The package of bills was written by Pittsburgh City Council member Corey O’Connor and co-sponsored by fellow East End City Council member Erika Strassburger.

At a press conference on Friday unveiling the legislation, Mayor William Peduto was joined by Governor Tom Wolf and several gun control activists from Newtown, Connecticut.

If passed, the laws will be some of the most significant pieces of gun control legislation both the city and the state have seen in decades.

“No one in America wants a country where guns make our schools unsafe for children, families afraid in places of worship and where our streets are stained every day with innocent blood,” Mayor Peduto said. “The morality we all share, across every race, gender, ethnicity, region and religion, compels us to take action.”

What’s in the bills?

The council will vote on three pieces of legislation.

One is a bill that would make it unlawful to manufacture, sell or possess an assault weapon within the city limits. The bill’s definition of assault weapons includes the Colt AR-15 automatic rifle used in the Tree of Life shooting, as well as certain kinds of shotguns and handguns modified to have a larger shooting capacity.

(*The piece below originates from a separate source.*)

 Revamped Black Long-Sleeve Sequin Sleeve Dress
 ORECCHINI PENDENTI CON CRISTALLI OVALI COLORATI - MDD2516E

Another bill bans bump stocks, armor-piercing bullets and other weapon accessories.

The third bill gives city courts expanded rights to seize the firearms of citizens deemed a threat by their immediate family members or law enforcement.

The laws do not address the sale of traditional handguns, which are responsible for 81% of gun homicides in Pennsylvania.

What comes next?

The National Rifle Association has sued the City of Pittsburgh twice in the past decade over gun control policies much less sweeping than those proposed last Friday.

In Harrisburg, pro-gun lawmakers have passed a series of bills that limit the rights of cities and local governments to enact gun laws stricter than statewide regulations.

If the bills pass the vote in City Council, the city may be looking at several weeks or perhaps months of legal challenges coming from both the NRA and the state legislature.

Mayoral spokesperson Timothy McNulty said a final vote on the legislation was expected in mid-February.